Exercise details:
What is needed is an exact copy of the lines from the one containing "Rodolfo Ortiz - @rodolfogimenez04" through the last line of the records below, with no pictures.

Dataset entries:

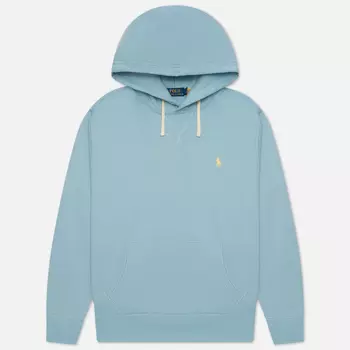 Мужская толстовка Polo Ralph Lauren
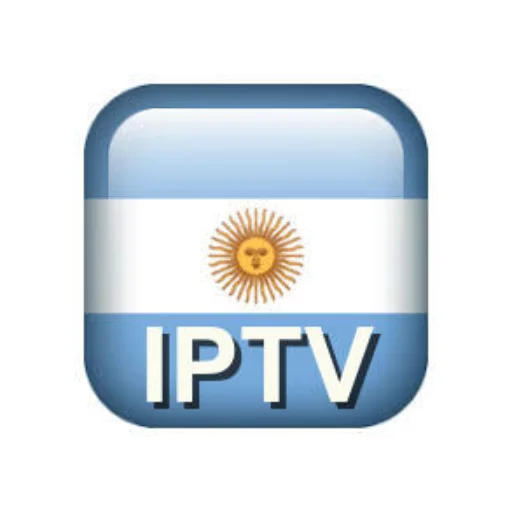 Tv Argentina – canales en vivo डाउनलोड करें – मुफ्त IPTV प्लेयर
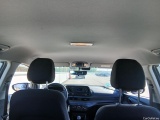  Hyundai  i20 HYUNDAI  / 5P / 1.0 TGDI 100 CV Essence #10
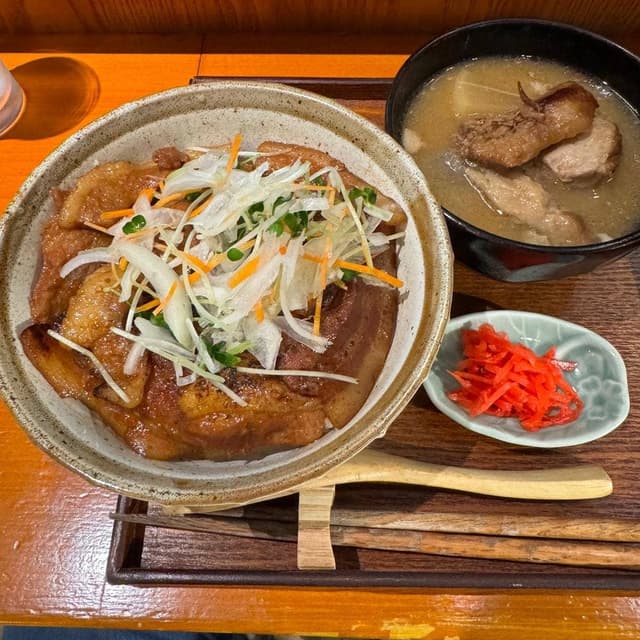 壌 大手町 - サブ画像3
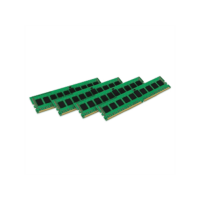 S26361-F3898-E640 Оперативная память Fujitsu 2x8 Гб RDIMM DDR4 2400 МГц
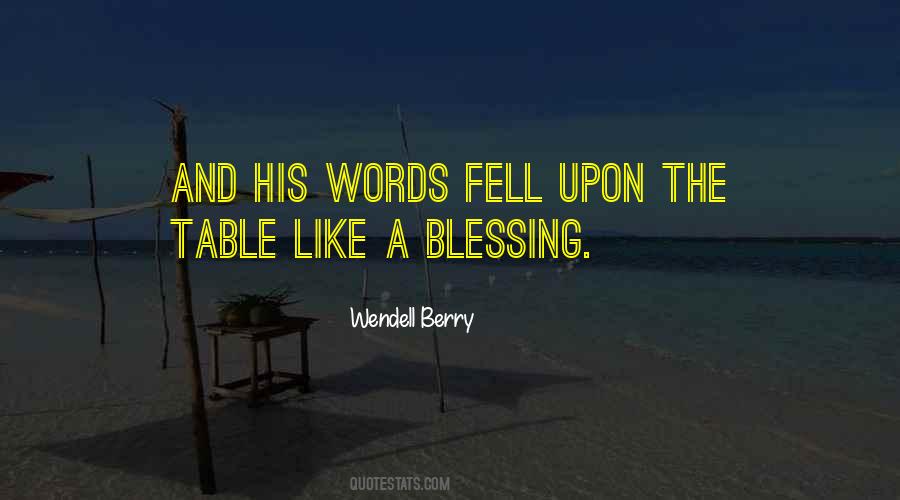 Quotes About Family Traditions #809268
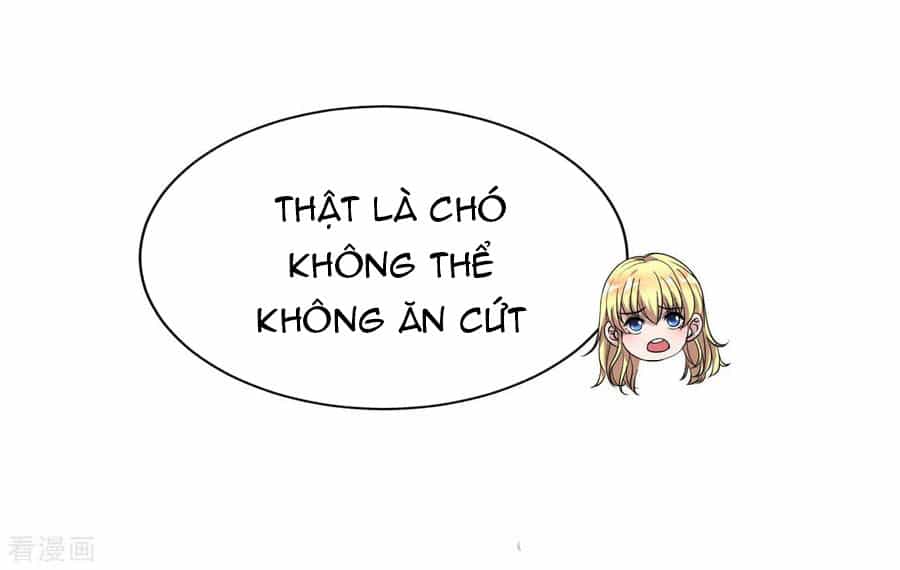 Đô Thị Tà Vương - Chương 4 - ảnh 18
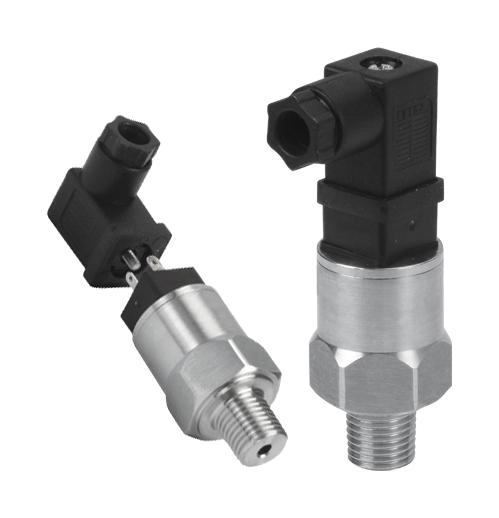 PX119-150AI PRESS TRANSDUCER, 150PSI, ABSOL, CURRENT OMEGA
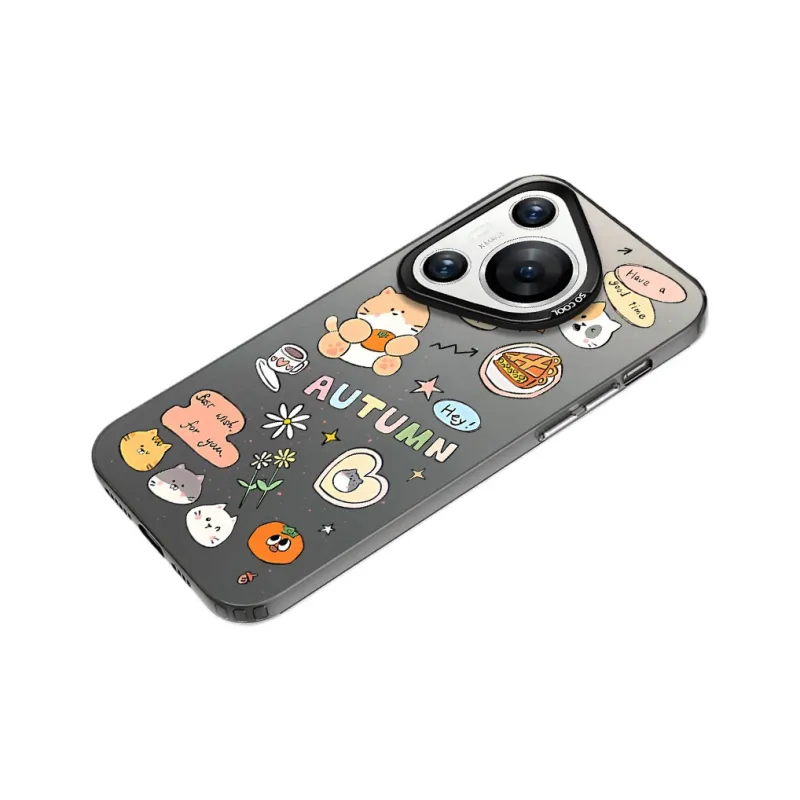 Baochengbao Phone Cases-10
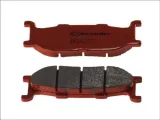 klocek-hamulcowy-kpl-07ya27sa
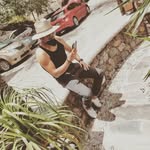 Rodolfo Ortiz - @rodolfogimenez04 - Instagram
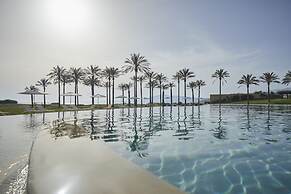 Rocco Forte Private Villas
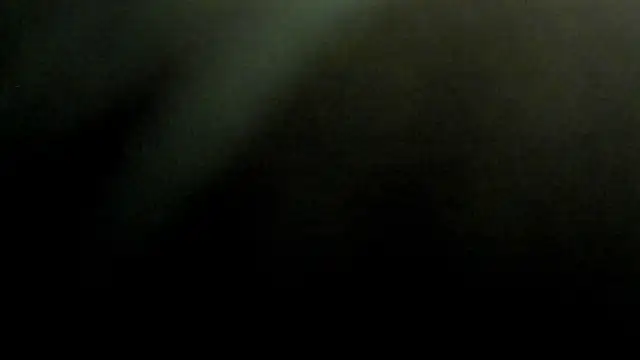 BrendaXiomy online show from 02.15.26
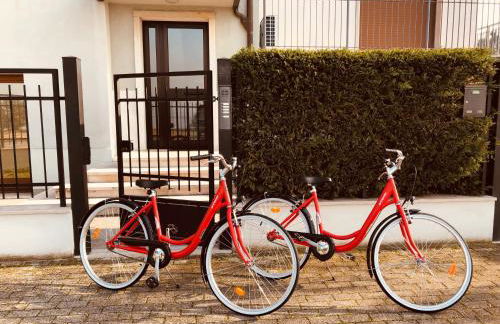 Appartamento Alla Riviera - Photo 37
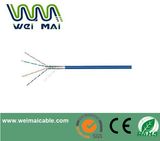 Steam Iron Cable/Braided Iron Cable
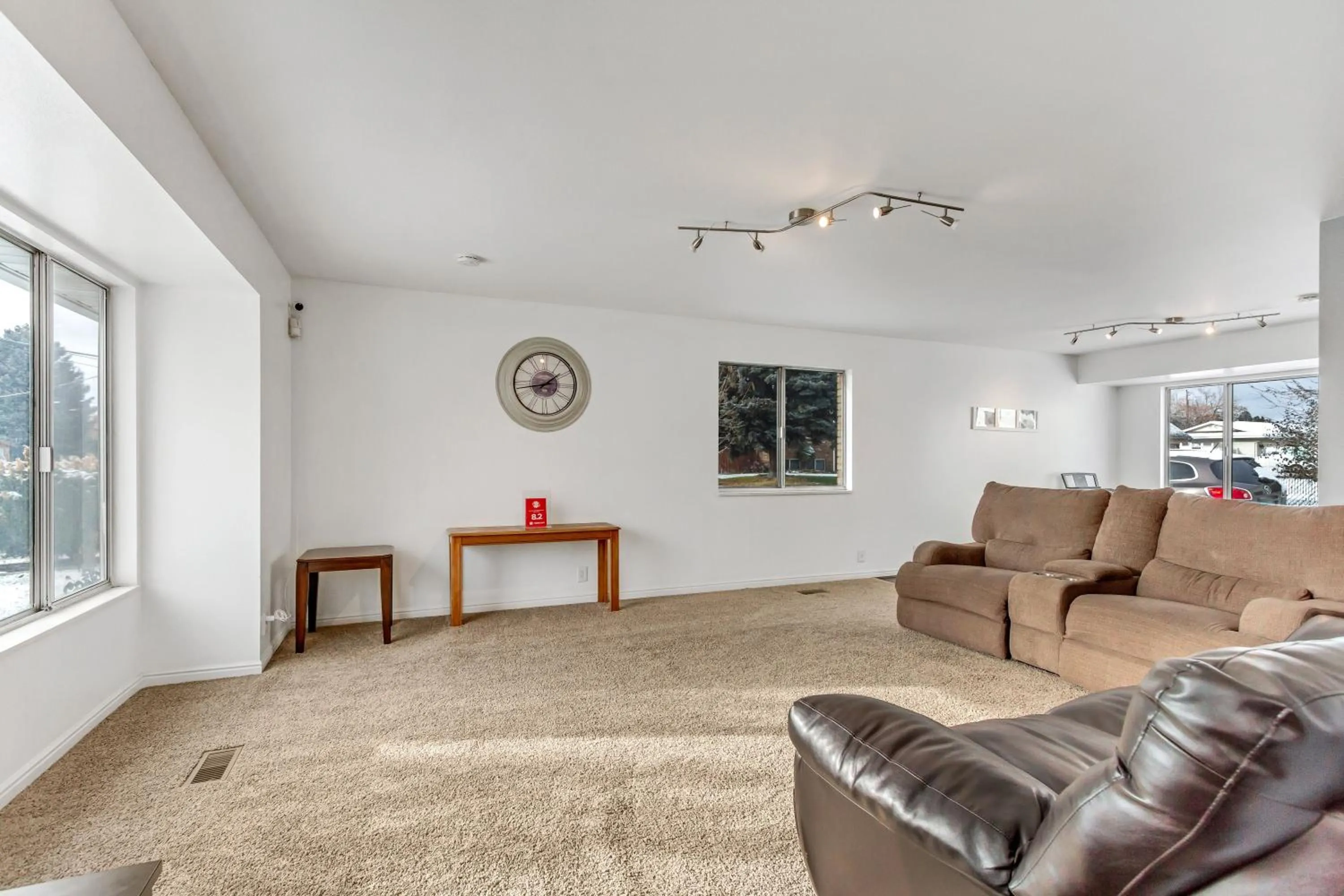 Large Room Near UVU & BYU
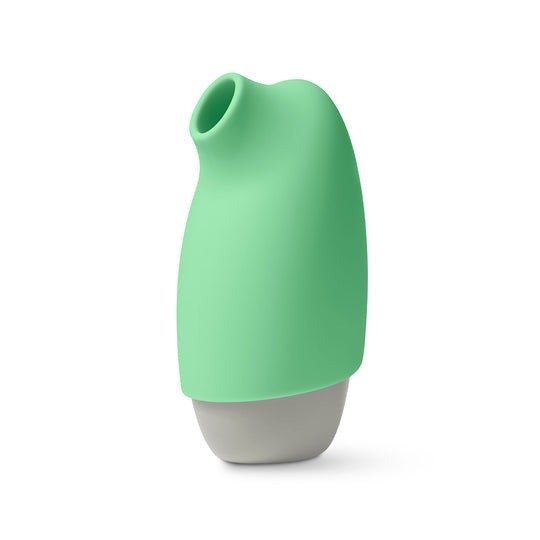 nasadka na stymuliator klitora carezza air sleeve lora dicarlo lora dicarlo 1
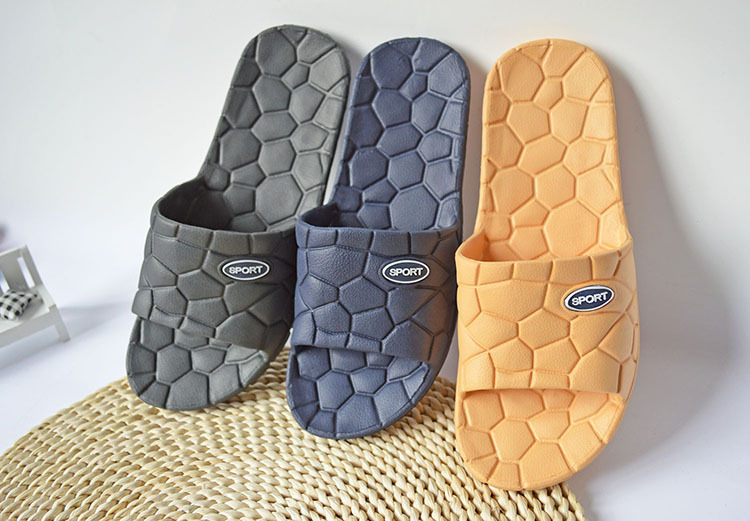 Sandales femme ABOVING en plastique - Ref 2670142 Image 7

Solution to the problem:
 Rodolfo Ortiz - @rodolfogimenez04 - Instagram
 Rocco Forte Private Villas
 BrendaXiomy online show from 02.15.26
 Appartamento Alla Riviera - Photo 37
 Steam Iron Cable/Braided Iron Cable
 Large Room Near UVU & BYU
 nasadka na stymuliator klitora carezza air sleeve lora dicarlo lora dicarlo 1
 Sandales femme ABOVING en plastique - Ref 2670142 Image 7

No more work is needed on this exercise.